---- DATA BELOW
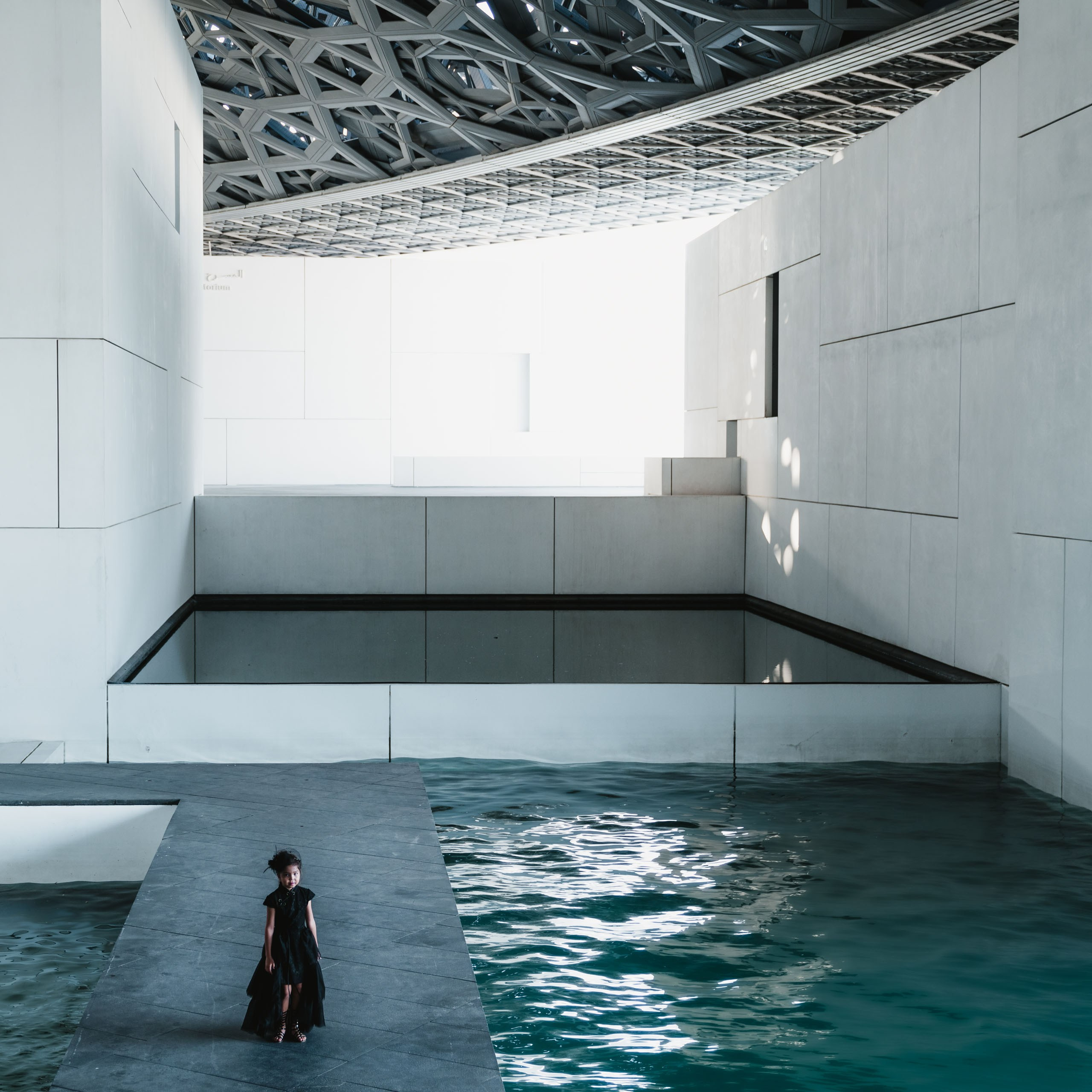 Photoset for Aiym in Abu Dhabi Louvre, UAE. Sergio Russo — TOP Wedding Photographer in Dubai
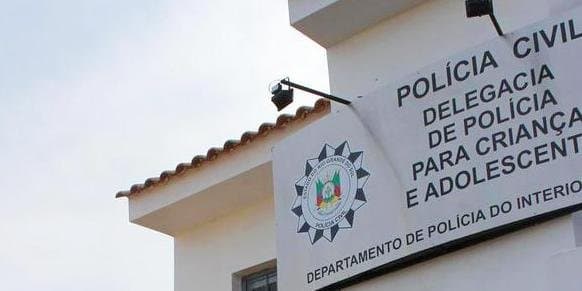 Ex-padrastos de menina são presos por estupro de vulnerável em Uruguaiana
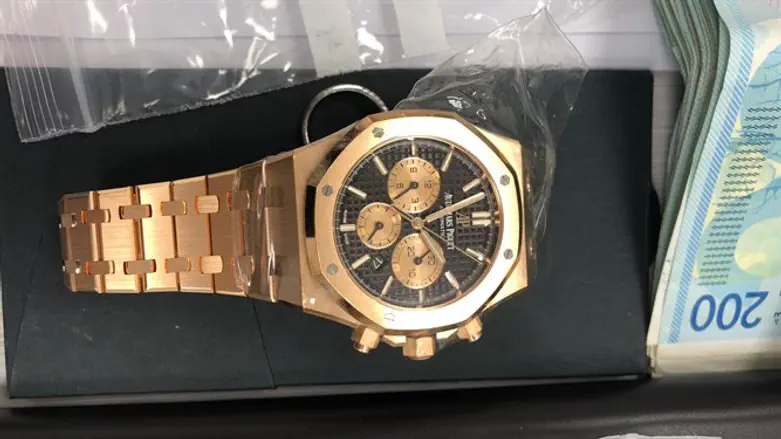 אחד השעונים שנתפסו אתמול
--------
**DESCRIPTION OF THE TASK**
The material shown above is to be repeated verbatim, and its pictures are to be omitted.

**WRITTEN RESPONSE**
 Photoset for Aiym in Abu Dhabi Louvre, UAE. Sergio Russo — TOP Wedding Photographer in Dubai
 Ex-padrastos de menina são presos por estupro de vulnerável em Uruguaiana
 אחד השעונים שנתפסו אתמול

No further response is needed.